Pol Mareno Comellas "Vision-as-inverse-graphics for Detailed Scene Understanding" AND Ian Simpson Title: "Network Analyses Reveal Novel Aspects of ALS Pathogenesis"

Pol Mareno Comellas

Title: "Vision-as-inverse-graphics for Detailed Scene Understanding"

Abstract:
For tasks such as autonomous robot behaviour, it is important to go beyond object recognition and detection to more detailed descriptions
of the objects in a scene such as their shape, pose, and appearance. I will present the vision-as-inverse-graphics approach to extract these
descriptions. The key idea is to use the known generative process of images (e.g. how light interacts  with objects surfaces to give rise to images)
in order to recover the scene structure. In addition to this generative model, bottom-up recognition models can be used for a more efficient solution
to the vision-as-inverse-graphics problem. I will motivate the combination of both generative and recognition models, and show how we can make
use of synthetic, computer-graphics generated images to  train the recognition models and show how different factors in images (e.g. occlusion and
background clutter) affect their performance.


Ian Simpson

Title:   "Network Analyses Reveal Novel Aspects of ALS Pathogenesis"

Abstract:

Amyotrophic Lateral Sclerosis (ALS) is a fatal neurodegenerative disease characterized by selective loss of motor neurons, muscle atrophy
and paralysis. Mutations in the human VAMP-associated protein B (hVAPB) cause a heterogeneous group of motor neuron diseases including
ALS8. Despite extensive research, the molecular mechanisms underlying ALS pathogenesis remain largely unknown. Genetic screens for key
interactors of hVAPB activity in the intact nervous system, however, represent a fundamental approach towards understanding the in-vivo function
of hVAPB and its role in ALS pathogenesis. Targeted expression of the disease-causing allele leads to neurodegeneration and progressive decline
in motor performance when expressed in the adult Drosophila, eye or in its entire nervous system, respectively. By using these two phenotypic
readouts, we carried out a systematic survey of the Drosophila genome to identify modifiers of hVAPB-induced neurotoxicity. Modifiers cluster
in a diverse array of biological functions including processes and genes that have been previously linked to hVAPB function, such as proteolysis
and vesicular trafficking. In addition to established mechanisms, the screen identified endocytic trafficking and genes controlling proliferation
and apoptosis as potent modifiers of ALS8-mediated defects.

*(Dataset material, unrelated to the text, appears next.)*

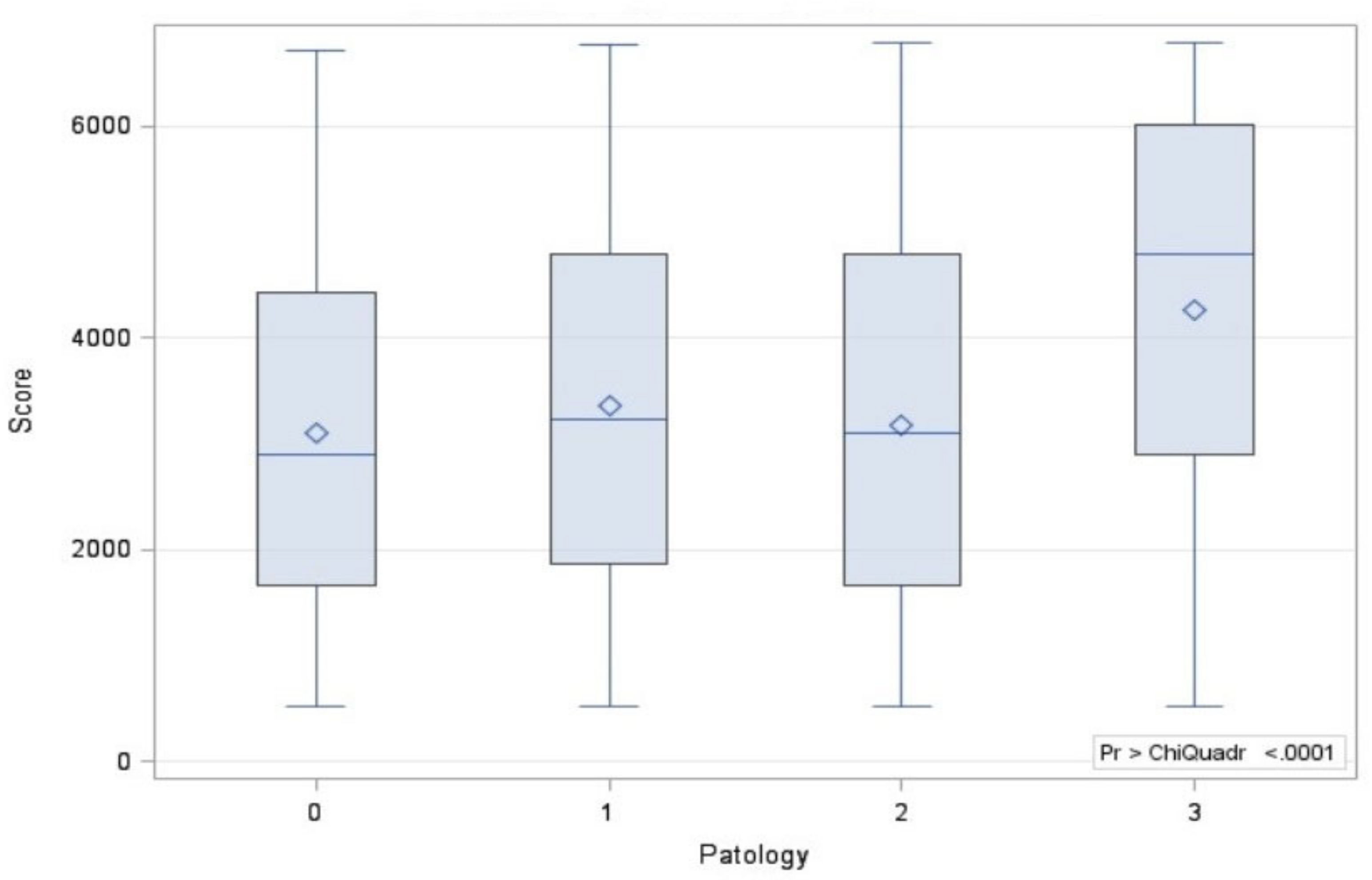 Diagnostics 11 01901 g002 Diagnostics 11 01901 g002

Surprisingly, the list of modifiers was mostly enriched for proteins linked to lipid
droplet biogenesis and dynamics. Computational analysis reveals that most modifiers can be linked into a complex network of interacting genes,
and that the human genes homologous to the Drosophila modifiers can be assembled into an interacting network largely overlapping with that in
flies. Identity markers of the endocytic process were also found to abnormally accumulate in ALS patients, further supporting the relevance of
the fly data for human biology. Collectively, these results not only lead to a better understanding of hVAPB function but also point to potentially
relevant targets for therapeutic intervention.